___ DATA UNDER STUDY ___

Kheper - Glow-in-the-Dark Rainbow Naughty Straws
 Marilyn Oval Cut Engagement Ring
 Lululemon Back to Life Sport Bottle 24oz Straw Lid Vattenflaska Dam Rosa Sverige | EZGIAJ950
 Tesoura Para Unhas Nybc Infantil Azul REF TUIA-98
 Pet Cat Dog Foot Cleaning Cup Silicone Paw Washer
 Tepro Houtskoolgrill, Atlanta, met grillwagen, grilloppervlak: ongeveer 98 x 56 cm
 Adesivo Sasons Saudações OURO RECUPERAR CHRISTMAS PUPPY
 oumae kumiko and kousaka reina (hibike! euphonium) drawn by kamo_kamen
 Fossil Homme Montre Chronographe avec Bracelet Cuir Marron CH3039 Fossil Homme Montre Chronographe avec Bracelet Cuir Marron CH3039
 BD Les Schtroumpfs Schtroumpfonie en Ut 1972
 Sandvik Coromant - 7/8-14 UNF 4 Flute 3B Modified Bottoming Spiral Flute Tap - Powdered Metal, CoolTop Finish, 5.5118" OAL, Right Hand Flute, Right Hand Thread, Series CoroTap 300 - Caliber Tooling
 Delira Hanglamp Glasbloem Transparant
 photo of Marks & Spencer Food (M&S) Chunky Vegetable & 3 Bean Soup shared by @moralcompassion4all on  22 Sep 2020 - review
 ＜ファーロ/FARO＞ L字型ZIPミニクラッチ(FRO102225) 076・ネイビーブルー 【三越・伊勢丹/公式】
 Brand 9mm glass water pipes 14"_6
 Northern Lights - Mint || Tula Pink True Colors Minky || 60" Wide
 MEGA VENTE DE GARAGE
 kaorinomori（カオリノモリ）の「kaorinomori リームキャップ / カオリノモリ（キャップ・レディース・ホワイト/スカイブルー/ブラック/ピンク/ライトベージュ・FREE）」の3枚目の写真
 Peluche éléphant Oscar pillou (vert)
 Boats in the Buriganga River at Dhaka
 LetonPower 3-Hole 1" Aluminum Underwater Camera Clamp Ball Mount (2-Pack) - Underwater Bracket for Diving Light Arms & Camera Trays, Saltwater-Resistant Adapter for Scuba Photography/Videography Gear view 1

___

**TASK OBJECTIVE**
The first line of the entries, the line with "Pet Cat Dog", and every line between them should be retyped exactly, and nothing else.

**EXERCISE ANSWER**
Kheper - Glow-in-the-Dark Rainbow Naughty Straws
 Marilyn Oval Cut Engagement Ring
 Lululemon Back to Life Sport Bottle 24oz Straw Lid Vattenflaska Dam Rosa Sverige | EZGIAJ950
 Tesoura Para Unhas Nybc Infantil Azul REF TUIA-98
 Pet Cat Dog Foot Cleaning Cup Silicone Paw Washer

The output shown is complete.